Daily Management Review

F-35, Lower Tax Rate Boosts Lockheed Martin Profit By 17 Pct In Q3


10/24/2018




F-35, Lower Tax Rate Boosts Lockheed Martin Profit By 17 Pct In Q3
Lower tax rates because of the corporate tax cuts announced by United States president Donald Trump and a higher production of its F-35 fighter jets helped Lockheed Martin Corp to beat Wall Street estimates for third quarter profits noting a 17 per cent year-on-year increase. Lockheed is the largest weapons supplier for the Pentagon. The sale forecast of the company for next year would also be more than the Wall Street estimates, it claimed.
 
The bottom line of the firm was helped by the reduced tax rate of 6.5 percent in the third quarter and was also aided by $1.5 billion contribution to its pension plan.
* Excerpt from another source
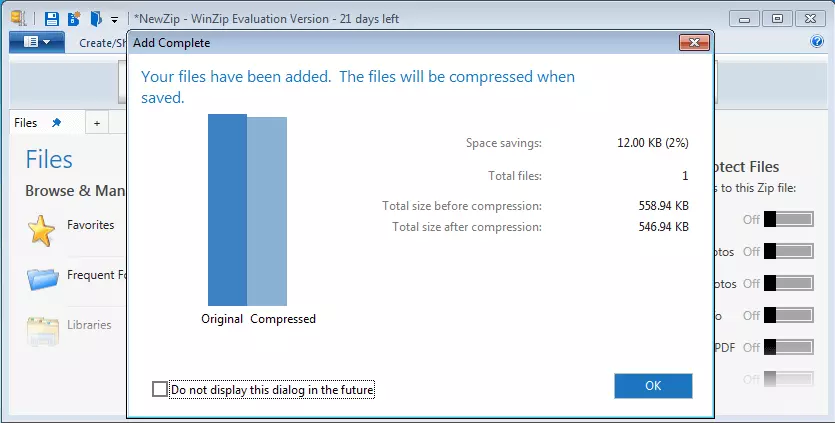Image: A WinZip window that displays the file size before and after compression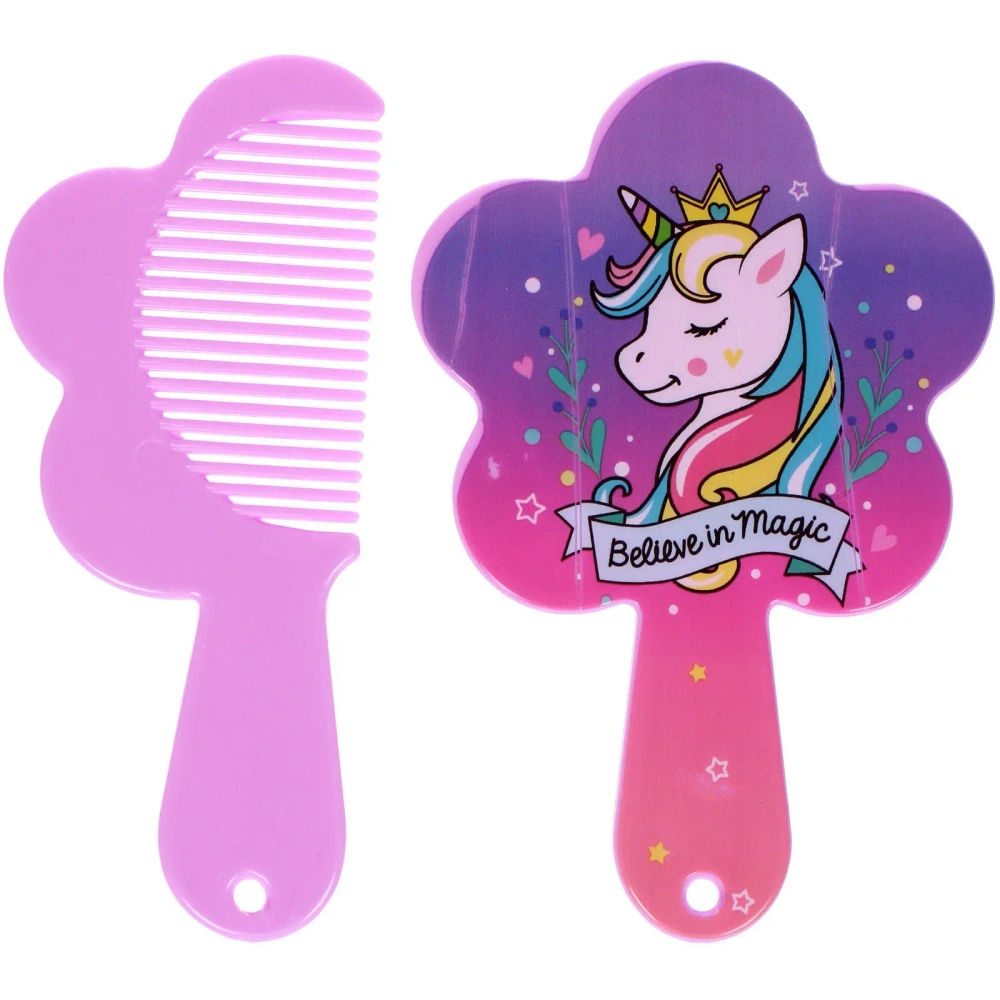 Расческа с зеркалом в наборе детские «МИМИШКИ», единорог, цвет розово-фиолетовый, 11см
The tax rate before the cuts was 25.8 per cent for Lockheed. The tax cuts became applicable after the third quarter of 2017.
 
The company said that of funding by the US government continued for some of its "key programs" such as the F-35 fighter jet, designed to avoid detection, here would be a potential increase in sale between 5 and 6 per cent for 2019 compared to figures of 2018.
 
The sale predictions of the company for 2019 would peg its revenues in the range between $55.6 billion to $56.2 billion, which is just over expert expectation of about $55.4 billion in the same period.
 
The company also noted an increase in net income for the period at $1.47 billion, or $5.14 per share compared to $963 million, or $3.32 per share for the same period a year ago. Net sales rose to $14.31 billion from $12.34 billion a year earlier.
 
"Our team achieved another quarter of strong growth leading us to improve our expectations for our full-year financial results," said Lockheed Martin Chairman, President and CEO Marillyn Hewson. "As we look ahead to 2019, we remain focused on providing innovative, essential solutions to customers, and continuing to generate growth and long-term value for shareholders."
 
According to Refinitiv estimates, adjusted profit of $4.31 per share on revenue of $13.07 billion was what analysts were expecting while Lockheed's EPS came at $5.14.
 
Strong profit margins were reported by the stealthy F-35 fighter jet program of Lockheed, said Joseph DeNardi, an analyst at Stifel. During the quarter, there was increase in the volume of production as well as payments for maintenance for F-35.
 
The Rotary and Mission Systems business unit of the company also strongly supported the margins for the Lockheed. This business unit manufactures ships and helicopters. Riding partly on strong margins from missile launch systems sales, this unit saw an increase in operating profit of 40 per cent compared to the same period a year ago.
 
There was also an increase in the order backlog during the third quarter compared to the quarter earlier for the Bethesda, Maryland-based company at $109 billion against $105 billion.
 
The company's tax rate for 2018 would be in the mid-14 percent range following, Lockheed Chief Financial Officer Bruce Tanner had told analysts during a conference call in July.